From Birch Gold Group
Over the course of the past several months, something unprecedented has taken place in the U.S. Treasury market: Nations around the world have been selling treasuries at an alarming rate. The troubling amount of treasuries being liquidated by foreign countries now places the total of “custodial paper,” or treasuries held in reserve, in the Federal Reserve’s custodial account at $2.805 trillion. This is the lowest level since 2012.
Meanwhile, private buyers are quietly compensating for the sell-off, but there’s no reason to believe they won’t decide to start ditching treasuries as well.
If and when private buyers also begin to purge treasuries, the fallout will be severe, and the financial stability of average Americans could be at stake.
Biggest Liquidation of U.S. Debt in Years
What we’re witnessing could be the largest sell-off of U.S. debt in recent history, and it’s happening with “unprecedented” speed. China, Saudi Arabia, and several other nations are rapidly dumping treasuries, and the impact could put the American public at risk.
The reason for this spike of selling lies in the urgent need for countries like China and Saudi Arabia to offset global downward pressure. China probably wants to use these treasury liquidations to prop up growth and show strength to the rest of the world – despite its own economic slowdown. While Saudi Arabia is probably searching for a way to mitigate its issues from the ongoing oil slump.

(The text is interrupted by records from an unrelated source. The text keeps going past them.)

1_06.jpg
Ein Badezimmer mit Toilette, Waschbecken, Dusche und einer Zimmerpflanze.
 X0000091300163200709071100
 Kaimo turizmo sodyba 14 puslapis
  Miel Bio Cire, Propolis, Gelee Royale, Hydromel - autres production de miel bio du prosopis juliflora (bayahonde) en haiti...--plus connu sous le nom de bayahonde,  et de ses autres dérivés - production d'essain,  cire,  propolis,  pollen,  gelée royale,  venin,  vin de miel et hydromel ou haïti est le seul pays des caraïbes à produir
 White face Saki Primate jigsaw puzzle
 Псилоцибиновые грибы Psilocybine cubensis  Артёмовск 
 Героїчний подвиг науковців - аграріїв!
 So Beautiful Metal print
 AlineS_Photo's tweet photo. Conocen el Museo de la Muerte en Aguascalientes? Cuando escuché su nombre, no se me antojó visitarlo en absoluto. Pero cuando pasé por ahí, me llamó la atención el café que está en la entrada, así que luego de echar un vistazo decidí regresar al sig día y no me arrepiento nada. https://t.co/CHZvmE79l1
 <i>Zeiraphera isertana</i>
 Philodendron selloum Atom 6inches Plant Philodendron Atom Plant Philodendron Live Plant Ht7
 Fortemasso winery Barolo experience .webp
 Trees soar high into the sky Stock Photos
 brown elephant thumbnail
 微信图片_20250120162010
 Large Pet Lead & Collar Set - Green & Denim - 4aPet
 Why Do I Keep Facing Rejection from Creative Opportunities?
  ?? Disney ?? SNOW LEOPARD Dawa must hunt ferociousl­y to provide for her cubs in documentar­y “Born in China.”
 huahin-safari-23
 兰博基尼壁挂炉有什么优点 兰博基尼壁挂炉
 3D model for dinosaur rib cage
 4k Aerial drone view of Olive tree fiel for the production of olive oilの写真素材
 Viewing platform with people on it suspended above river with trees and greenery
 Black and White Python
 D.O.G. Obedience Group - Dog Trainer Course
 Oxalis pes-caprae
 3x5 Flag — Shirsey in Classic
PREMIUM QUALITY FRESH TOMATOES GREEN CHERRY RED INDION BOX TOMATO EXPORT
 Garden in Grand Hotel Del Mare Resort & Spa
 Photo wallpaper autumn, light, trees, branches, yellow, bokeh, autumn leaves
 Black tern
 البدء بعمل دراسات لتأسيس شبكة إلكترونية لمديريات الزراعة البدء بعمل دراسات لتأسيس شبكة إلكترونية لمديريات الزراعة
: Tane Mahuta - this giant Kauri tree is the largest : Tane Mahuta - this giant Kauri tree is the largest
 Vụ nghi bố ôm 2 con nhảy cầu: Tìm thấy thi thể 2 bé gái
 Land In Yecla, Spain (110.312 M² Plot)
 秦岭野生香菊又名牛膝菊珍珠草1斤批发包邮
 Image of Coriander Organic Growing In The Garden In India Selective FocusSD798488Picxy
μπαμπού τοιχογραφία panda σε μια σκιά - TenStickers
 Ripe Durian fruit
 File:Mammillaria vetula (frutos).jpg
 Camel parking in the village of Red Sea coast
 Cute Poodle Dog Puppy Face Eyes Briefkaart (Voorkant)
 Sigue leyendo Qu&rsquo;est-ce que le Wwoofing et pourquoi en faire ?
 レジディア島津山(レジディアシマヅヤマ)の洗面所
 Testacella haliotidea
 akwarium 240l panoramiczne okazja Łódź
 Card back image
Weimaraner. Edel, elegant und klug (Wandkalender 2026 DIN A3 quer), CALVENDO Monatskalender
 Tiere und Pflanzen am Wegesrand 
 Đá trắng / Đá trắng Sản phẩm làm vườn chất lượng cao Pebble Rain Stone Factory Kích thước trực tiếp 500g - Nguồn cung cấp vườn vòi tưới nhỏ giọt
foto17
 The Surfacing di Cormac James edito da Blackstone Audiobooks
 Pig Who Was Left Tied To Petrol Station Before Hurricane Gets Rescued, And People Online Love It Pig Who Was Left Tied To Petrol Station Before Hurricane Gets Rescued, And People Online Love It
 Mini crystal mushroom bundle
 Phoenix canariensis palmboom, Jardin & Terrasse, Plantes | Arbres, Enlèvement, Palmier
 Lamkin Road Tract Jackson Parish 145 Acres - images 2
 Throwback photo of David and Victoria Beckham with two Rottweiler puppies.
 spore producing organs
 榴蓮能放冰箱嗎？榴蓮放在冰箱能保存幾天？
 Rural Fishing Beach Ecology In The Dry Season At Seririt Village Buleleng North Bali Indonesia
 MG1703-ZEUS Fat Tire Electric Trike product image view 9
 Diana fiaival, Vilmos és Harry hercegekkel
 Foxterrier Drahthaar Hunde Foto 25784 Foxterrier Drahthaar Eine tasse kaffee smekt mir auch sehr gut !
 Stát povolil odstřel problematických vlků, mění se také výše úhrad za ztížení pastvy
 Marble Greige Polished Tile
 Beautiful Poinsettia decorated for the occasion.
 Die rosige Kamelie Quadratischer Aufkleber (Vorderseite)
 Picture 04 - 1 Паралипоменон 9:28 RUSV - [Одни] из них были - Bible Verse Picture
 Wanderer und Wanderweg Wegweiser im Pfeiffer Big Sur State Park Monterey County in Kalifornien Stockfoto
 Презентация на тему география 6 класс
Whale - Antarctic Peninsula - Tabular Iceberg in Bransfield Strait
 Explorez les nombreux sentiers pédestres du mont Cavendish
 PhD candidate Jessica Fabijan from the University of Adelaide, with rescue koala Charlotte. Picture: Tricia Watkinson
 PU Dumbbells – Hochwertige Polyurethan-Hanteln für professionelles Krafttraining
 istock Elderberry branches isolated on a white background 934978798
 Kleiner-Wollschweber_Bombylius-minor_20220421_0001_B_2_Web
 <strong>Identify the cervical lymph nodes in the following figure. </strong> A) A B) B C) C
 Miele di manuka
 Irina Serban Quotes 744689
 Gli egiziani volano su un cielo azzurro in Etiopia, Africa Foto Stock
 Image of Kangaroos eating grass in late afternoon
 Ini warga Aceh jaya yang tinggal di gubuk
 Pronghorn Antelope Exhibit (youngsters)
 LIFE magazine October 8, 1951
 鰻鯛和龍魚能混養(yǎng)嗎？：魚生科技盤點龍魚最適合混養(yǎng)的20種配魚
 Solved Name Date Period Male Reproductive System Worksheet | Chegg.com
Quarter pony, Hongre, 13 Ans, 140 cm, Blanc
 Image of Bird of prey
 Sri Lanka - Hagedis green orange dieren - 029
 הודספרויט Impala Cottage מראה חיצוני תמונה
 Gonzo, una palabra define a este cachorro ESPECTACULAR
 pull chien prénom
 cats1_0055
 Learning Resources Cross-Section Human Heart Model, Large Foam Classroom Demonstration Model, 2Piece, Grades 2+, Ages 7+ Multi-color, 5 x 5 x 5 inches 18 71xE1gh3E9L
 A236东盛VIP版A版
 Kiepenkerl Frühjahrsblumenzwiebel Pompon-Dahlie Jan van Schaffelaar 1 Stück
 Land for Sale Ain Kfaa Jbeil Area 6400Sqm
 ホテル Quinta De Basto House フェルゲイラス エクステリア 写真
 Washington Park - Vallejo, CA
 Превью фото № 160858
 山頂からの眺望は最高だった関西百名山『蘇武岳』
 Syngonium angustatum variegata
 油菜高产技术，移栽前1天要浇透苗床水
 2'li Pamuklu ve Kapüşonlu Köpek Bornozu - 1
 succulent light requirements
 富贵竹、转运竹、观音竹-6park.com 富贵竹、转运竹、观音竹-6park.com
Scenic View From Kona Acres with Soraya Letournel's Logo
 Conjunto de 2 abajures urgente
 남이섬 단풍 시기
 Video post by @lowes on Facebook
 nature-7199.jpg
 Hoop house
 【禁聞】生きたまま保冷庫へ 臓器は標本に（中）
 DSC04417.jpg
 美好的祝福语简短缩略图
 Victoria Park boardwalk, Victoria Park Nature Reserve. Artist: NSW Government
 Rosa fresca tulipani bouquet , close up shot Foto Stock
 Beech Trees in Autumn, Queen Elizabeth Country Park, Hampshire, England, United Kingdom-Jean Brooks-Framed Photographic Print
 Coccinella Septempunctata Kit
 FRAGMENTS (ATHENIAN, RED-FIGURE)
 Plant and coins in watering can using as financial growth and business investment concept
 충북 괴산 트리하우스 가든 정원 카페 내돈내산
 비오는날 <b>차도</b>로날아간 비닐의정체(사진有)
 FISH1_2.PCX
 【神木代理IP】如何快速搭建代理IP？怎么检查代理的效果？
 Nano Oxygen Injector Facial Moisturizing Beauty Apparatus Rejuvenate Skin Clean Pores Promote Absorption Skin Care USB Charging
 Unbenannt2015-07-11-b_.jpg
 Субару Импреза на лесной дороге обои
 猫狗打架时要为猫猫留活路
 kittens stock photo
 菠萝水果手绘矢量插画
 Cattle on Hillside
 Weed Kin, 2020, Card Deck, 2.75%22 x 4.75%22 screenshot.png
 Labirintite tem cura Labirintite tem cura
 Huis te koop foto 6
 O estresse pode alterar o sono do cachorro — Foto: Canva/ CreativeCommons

But in an effort to move their own agendas forward, these countries could be setting the U.S. up for trouble.
Private buyers and smaller nations are currently the only parties keeping the U.S. Treasury situation from degrading further. But if they decide to follow the lead of countries like China and Saudi Arabia, it could be a serious problem.
At that point, the Federal Reserve would be forced to step in with further quantitative easing (printing money and artificially lowering rates) to keep the economy afloat. And as we’ve already seen time and time again, that strategy only prolongs the inevitable: a major recession and stock market correction.
Could This Trigger the Next Recession?
Speaking of recessions, it’s worth noting that the U.S. is long overdue for one, and this could be one of the catalysts that finally brings the next one about.
Robert Romano explains:
“…these movements of U.S. treasuries, a safe haven asset for the West and surplus reserve for the East, tells us basically two things: 1) surpluses for exporters are not what they used to be, indicating the global economic slowdown is still ongoing and that the drop in the price of oil is hurting oil exporters; and 2) the West is bulking up on safe haven assets, probably in preparation for the forthcoming recession that is now overdue. The U.S. averages a recession every 6 to 7 years, and the last one we had was in 2009.”
Americans with a keen eye on the market will likely take this as a cue to start preparing for the next downturn, and consider using precious metals to do so.
This gives us two good reasons why today could be one of the best times to reevaluate your strategy and incorporate gold accordingly: 1) An increase in both gold buyers and global uncertainty as a result of what’s happening right now in the U.S. Treasury market could drive gold prices upward, and 2) when the next perennial recession does arrive, it will position gold and other precious metal prices to rise even further.